The USCC gives a harsh assessment of most of China’s policies. “The Commission hopes that China will use its position on the United Nations Security Council and its growing political influence in Asia, Africa, and elsewhere to address many serious problems. But this has not yet happened,” Wortzel said. The USCC urges the Bush administration to take action against currency manipulation on the part of the Chinese government, which does not let the RMB Yuan value float openly on international markets. It also calls for the US trade representative to press ahead on property rights issues because of China’s “manifest failures to enforce them.”
The commission further advises the administration to raise the issue of media and Internet freedom and to “remind its counterpart that jailing journalists for publishing information it finds distasteful only draws negative attention from the international community.” The report also encourages China’s assistance in a resolution of conflict in the Darfur region of Sudan. The Commission further writes that the US needs to secure “a resolution to the conflict that will halt the genocide occurring there and provide security and basic human rights for the affected population.” Sudan remains the most striking example of concern that China’s approach to Africa creates among US official. At a recent conference in Washington DC, Carolyn Bartholomew, vice-Chairman of the USCC Commission and former Chief of Staff for the incoming Speaker of the House, Rep. Nancy Pelosi (D-CA), said; “China appears willing to deal with rogue states for oil or in order to counterbalance the United States.” She then added that “there is no more destructive bilateral relationship in Africa than that between China and Sudan, as far as US interests and the interests of the people of Sudan are concerned.”

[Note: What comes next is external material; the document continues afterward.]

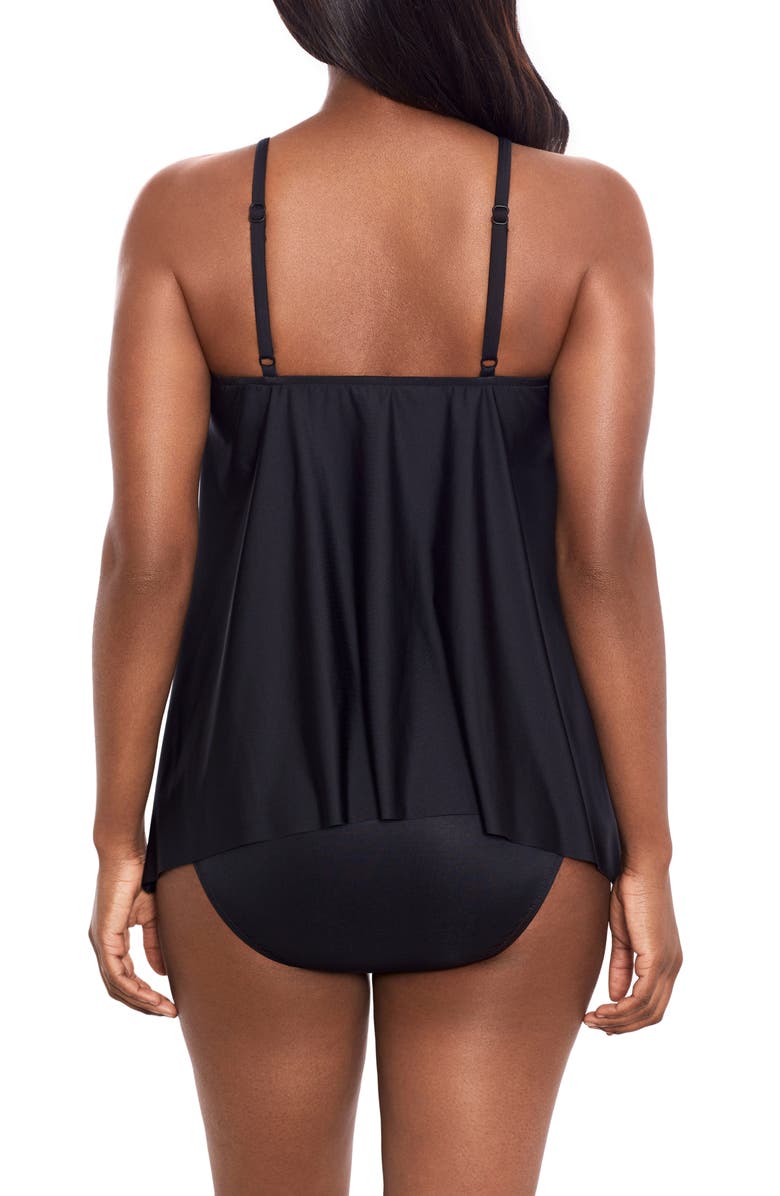 Miraclesuit<sup>®</sup> Cappadocia Peephole Skirted One-Piece Swimsuit, Alternate, color, Blm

In Washington, many worry about the ease with which China provides Africa with aid that is entirely unattached to any moral quandary. Beijing refuses to link its economic relations with the continent to human rights or democracy as the US and other Western countries want. “Chinese assistance to Africa is sincere, unselfish and has no strings attached," said China’s Premier Wen Jiabao at the China-Africa Forum.
As China’s growing diplomatic influence approaches the scale of its booming economic importance, the USCC writes that the US should be skeptical of “Beijing commitment to accept its geopolitical responsibilities.” With its increasing power being felt across many regions, the report argues that “China’s posture as a potential counterweight to the United States, and its disposition to support volatile and repressive regimes as its client states is of particular concern.”